The Time of the Tribes
- Author: Michel Maffesoli
- Original title: Le Temps des tribus
- Translator: Don Smith
- Language: French
- Publisher: Méridiens-Klincksieck
- Publication date: 1988
- Publication place: France
- Published in English: 1996
- Media type: Print
- Pages: 226 (first edition)
- ISBN: 2-86563-190-7

= The Time of the Tribes =

1988 book by Michel Maffesoli

The Time of the Tribes: The Decline of Individualism in Mass Society (Le Temps des tribus : le déclin de l'individualisme dans les sociétés de masse) is a 1988 book by the French sociologist Michel Maffesoli. It argues that mass society, rather than creating a mass of individuals, has resulted in a type of tribalised society. The book and its subject, labelled neo-tribes, have had impact in sociology and other fields.

==Summary==
Maffesoli argues that mass society contains a paradox created by the tension between mass culture and the human propensity to form groups. Rather than producing homogenous individuals, mass society has led to the creation of many small groups: a form of tribes (tribus) which are defined by lifestyles and common taste. The humans of a mass society belong to multiple tribes which they move between and exist within as part of their everyday lives. Maffesoli discusses the dynamics of the tribalised mass society using the terms puissance and proxemics. Puissance ('power', 'might') stems from the emotions at the centre of a tribe, and Maffesoli uses it in contrast with pouvoir ('power', 'authority'), which is at the centre of politics. Because puissance and pouvoir operate in different ways, a tribalised society creates a crisis for certain aspects of political life. Proxemics concerns the sense of being near other humans; it is what brings a tribe together by creating a feeling of belonging and solidarity.

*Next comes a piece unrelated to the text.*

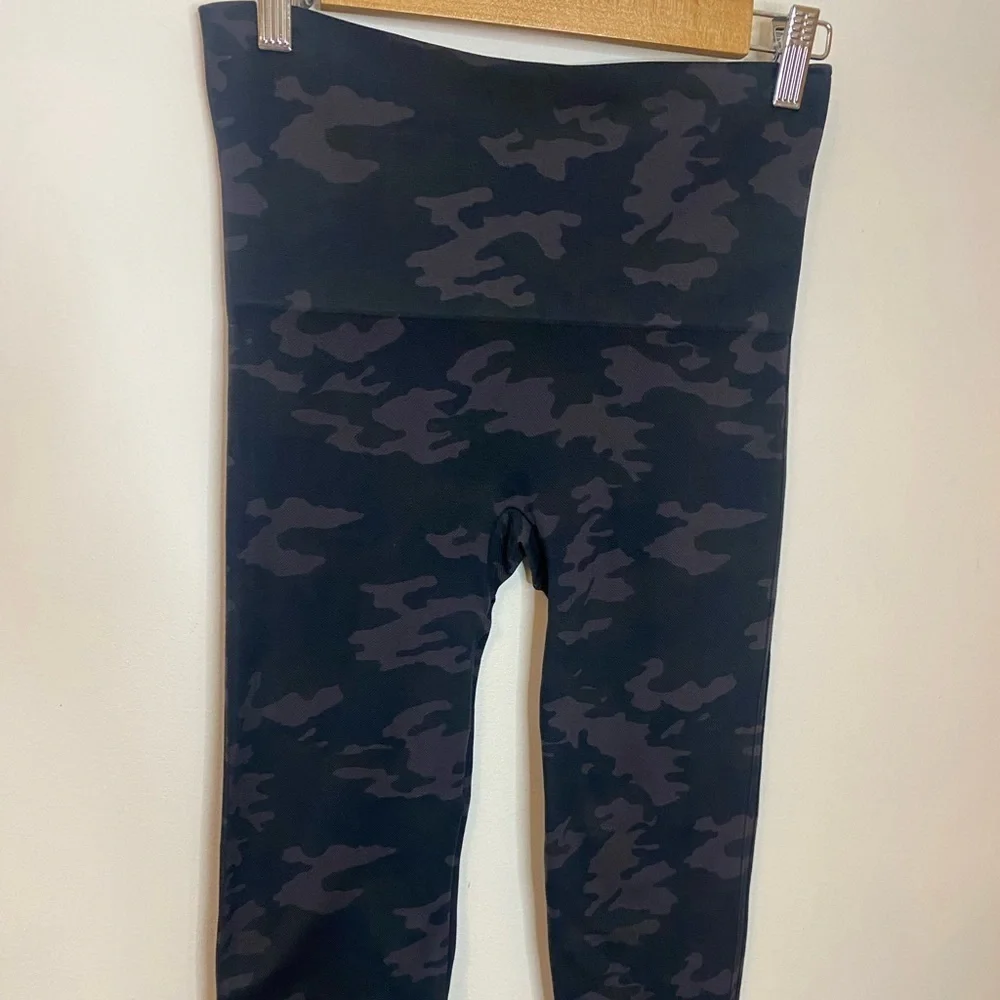 Spanx Look At Me Now Seamless Capri Leggings Camo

Following Max Weber, Maffesoli associates the plurality of values in a tribalised society with polytheism and argues that what Weber called disenchantment is followed by re-enchantment.

==Publication==
The Time of the Tribes was published in French in 1988 by Méridiens-Klincksieck as part of the book series Sociologies au quotidien. It was translated into English by Don Smith and published by Sage Publications in 1996.

==Reception==
The ethnologist Jean-François Gossiaux wrote that the theses in The Time of the Tribes are unoriginal and what distinguishes the book are instead the value judgements apparent in the author's tone and in neologisms such as "bourgeoisisme", which groups together capitalism and Marxism. Gossiaux criticised the book for vagueness and for relying on metaphors, including the central metaphor of the tribe, without consulting sociography or ethnography. The sociologist Anne-Marie Laulan wrote that although The Time of the Tribes is a work of sociology and philosophy, its main contribution is that it brings hope for the future of social communication. Laulan highlighted how Maffesoli describes hypermodernity as a middle way between individualist reason and the instincts of the mass.

Several foreign sociologists described The Time of the Tribes as important but criticised Maffesoli for not addressing the potentially unpleasant sides of the tribus. Ronald N. Jacobs called it an ambitious book that raises relevant questions concerning society, religion and social movements and Abby Peterson described it as "one of the most important contributions to the discourse of cultural sociology to come on the scene". Jacobs wrote that "the darker side of neotribalism", which Maffesoli does not discuss, is the risk that aesthetics-based groups become too inward-looking and lose the ability to feel solidarity with other groups, which in the context of politics and power can cause problems. Peterson said Maffesoli neglects to address what she called the "murky" and "distasteful" side of his subject, which she exemplified with "ethnic nationalism and fascistic exploitation of the tribus". Jacobs wrote that readers may be annoyed by the book's stylistic devices, adopted from "French theory", and "the complete lack of attention to contemporary American sociology".

==Legacy==
Maffesoli's tribus concept inspired a body of literature that extends beyond sociology, where it is used as an alternative to theories about individualisation or social fragmentation as the defining characteristics of a post-industrial society. In English-language literature, the concept is often referred to as neo-tribes, a term coined by Rob Shields in 1992 and intended as a translation of Maffesoli's French word. Various scholars have elaborated on neo-tribes and their stability or lack thereof, how they are connected to consumption and market forces, and how they relate to class identity. The Time of the Tribes is cited in many publications about "consumer tribes"; Daragh O'Reilly, a lecturer in marketing, has criticised this literature for not engaging with Maffessoli's ideas beyond summarising them or mentioning the existence of "ephemeral gatherings".